Tobias Tönnies: Es kann nie die Zielsetzung sein, ein bestimmtes Spiel pfeifen zu wollen, denn das kann man gar nicht beeinflussen. Wenn man als Schiedsrichter jedoch ein Turnier bis zum Ende begleiten darf – so, wie es jetzt bei uns der Fall war – ist das eine Benchmark, die dafür spricht, dass du dich gut präsentiert hast.

Neben dem Halbfinale habt ihr auch das Eröffnungsspiel geleitet – inwiefern waren das zwei besondere Ansetzungen?

Robert Schulze: Ein Eröffnungsspiel hat immer ein ganz besonderes Flair. Es ist als Schiedsrichter auch eine mentale Herausforderung: Wir wussten, dass wir in diesem Moment die Verantwortung hatten, die Weltmeisterschaft mit unserer Spielleitung zu eröffnen. Wir haben die Linie stellvertretend für den kompletten Kader vorgegeben.
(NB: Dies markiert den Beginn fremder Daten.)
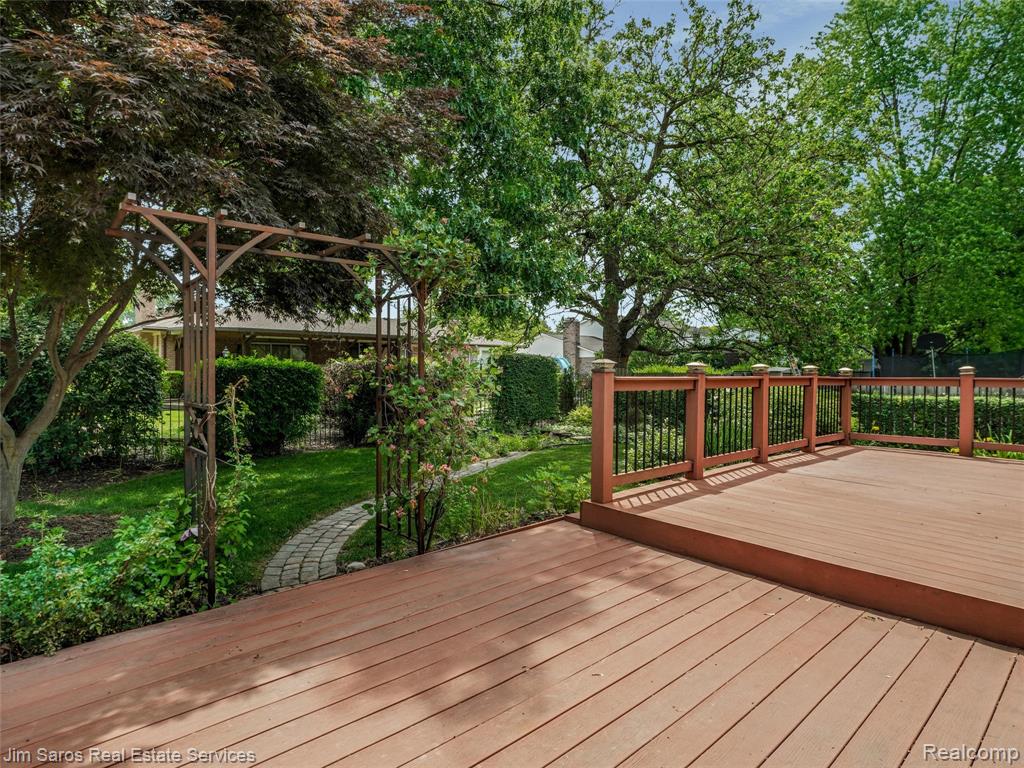 40252 Aynesley Street, Clinton Twp, MI 48038 — Photo 32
Mit einem miesen Eröffnungsspiel würdest du den Schiedsrichtern der WM einen Stempel aufdrücken, den die Kollegen erstmal korrigieren müssten – das will man natürlich vermeiden.
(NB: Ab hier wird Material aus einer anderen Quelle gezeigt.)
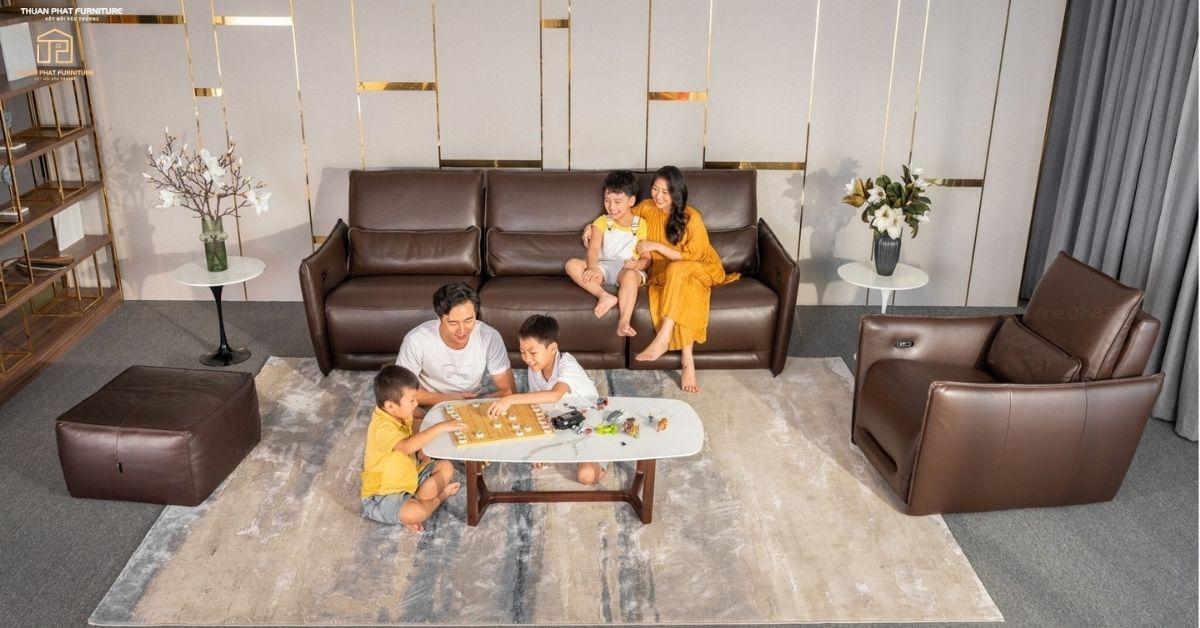 sofa-cho-gia-dinh-dong-nguoi-gan-ket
Tobias Tönnies: Und die Bedeutung, ein Halbfinale leiten zu dürfen, ist klar. Der Weltverband vertraut uns diese Partie, in der es um den Einzug in das Finale geht, an – das ist eines der drei schwierigsten Spiele in einem Turnier. Besser, als so ein Spiel zu erhalten, kann es eigentlich nicht laufen.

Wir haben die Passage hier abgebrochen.